The Federal Communications Commission’s Restoring Internet Freedom Order is set to become effective on
April 23. The rush to the court house door has begun. And measures to repeal
the order by means of the Congressional Review Act have been initiated in
Congress.
Hard-core advocates of maintaining public utility regulation
of Internet service providers have proclaimed February 27 a “Day of Action.” That,
of course, is their right. But finalization of the Restoring Internet Freedom Order, along with the spurt of other
related activity, causes me to want to consider once again – and to restate –
certain fundamental principles at stake in what’s called the “net neutrality”
fight.
To that end, I am planning to engage in such restatement in a
series of a few short posts. I have written thousands of pages regarding net
neutrality over the last dozen years, so I surely understand that there are
important nuances and wrinkles, both relating to legal and policy, that deserve
attention. But there are also fundamental overriding principles at stake, not
subject to nuances and wrinkles, that should not be lost in the noisy din.

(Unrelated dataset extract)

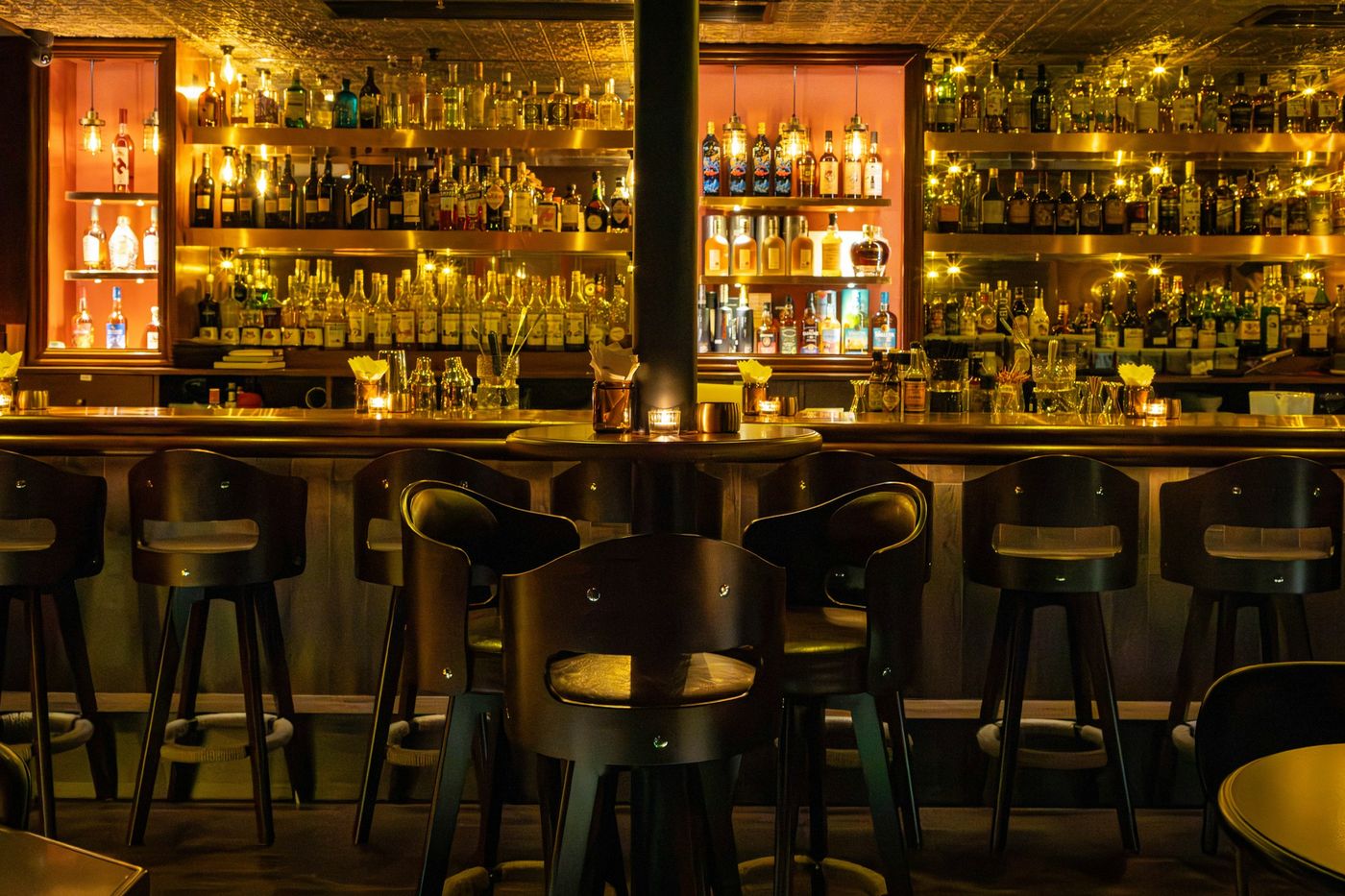 A back bar with lit shelving and a row of empty bar stools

Foremost is this: Digital broadband services should not be
regulated under the same public utility-like Title II regulatory regime established
for analog narrowband telecommunications services and applied to them
throughout the 20th Century. In this larger fundamental sense, the
Commission’s action in the Restoring
Internet Freedom proceeding was necessary to restore not only Internet
freedom, but also to restore the line that had been crossed by the Obama
Administration FCC in 2015 when it classified Internet service providers as
common carriers subject to Title II regulation.

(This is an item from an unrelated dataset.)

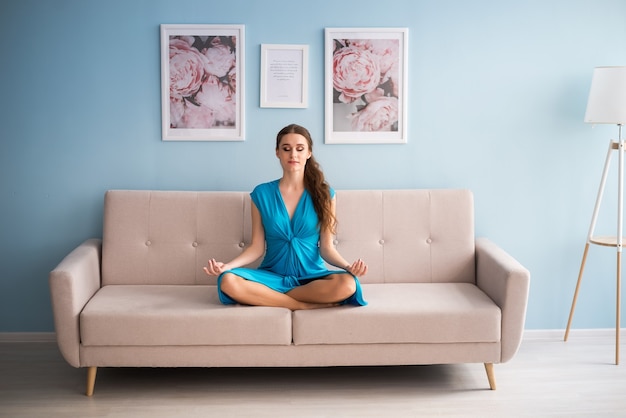 Beautiful pregnant woman in a blue dress is sitting on the sofa.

Before that 2015 action, there was a largely bipartisan
understanding that, while certain forms of regulatory actions might be
necessary to police possibly abusive practices by Internet service providers,
the ISPs should not be regulated as public utilities under the same common
carrier regime that earlier applied to monopolistic Ma Bell. Thus, there was no
significant partisan stir when Clinton Administration FCC Chairman William
Kennard declared in 1999 that it “is not good for America” to “just pick
up this whole morass of [telephone] regulation and dump it wholesale on the
[Internet] pipe.”
Chairman Kennard’s declaration was embodied in FCC policy in 2002
when the Commission determined that cable broadband services should be
classified as lightly regulated information services rather than Title II services
subject to public utility-like common carrier regulation. In doing so,
the Commission stated that we believe “broadband services should exist in a minimal
regulatory environment that promotes investment and innovation in a competitive
market.” Over the next several years, the Commission classified other broadband
services as information services so as “to create a rational framework for the
regulation of competing services that are provided via different technologies
and network architectures.”
This treatment of broadband services as information services
under Title I, upheld by the Supreme Court in 2005 in the Brand X case, prevailed until 2015, when the Commission reversed
course, holding that Internet service providers were common carriers.

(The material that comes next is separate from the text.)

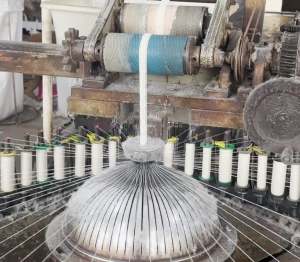 Wide view of a cotton thread lace manufacturing facility with skilled workers and advanced equipment handling large-scale lace production.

This is the signal line that was crossed – and this is the
line that was restored by the Commission’s action in December 2017 in the Restoring Internet Freedom Order.
There are certainly forms of oversight to police alleged “net
neutrality” violations that are short of a return to Title II public utility
regulation. Some of these ought to be acceptable and susceptible to a
bipartisan compromise. Otherwise, it is possible that the “bouncing ball” of
which I wrote in “Chevron and Net Neutrality at the FCC”
– that is, between public utility regulation or not – might well continue to
bounce back-and-forth. To my mind, any such compromise should not incorporate
“bright line” prohibitions governing ISP practices that are divorced from an
analysis of evidence concerning whether a market failure exists and whether, if
so, such market failure has caused consumer harm.
In any event, regardless of whether such compromise in
Congress is reached now or later, or not at all, there is no justification, as
a legal or policy matter, for regulating today’s digital broadband Internet
service providers, operating in an increasingly dynamic and competitive
environment, as if they were Ma Bell offering staid analog narrowband telephone
service in the last century.
That is the foremost principle at stake. That is why the
line that prevents Internet service providers from being classified and
regulated as common carriers in a public utility-like fashion should not be
crossed. That is why the line restored in the Restoring Internet Freedom Order must be maintained.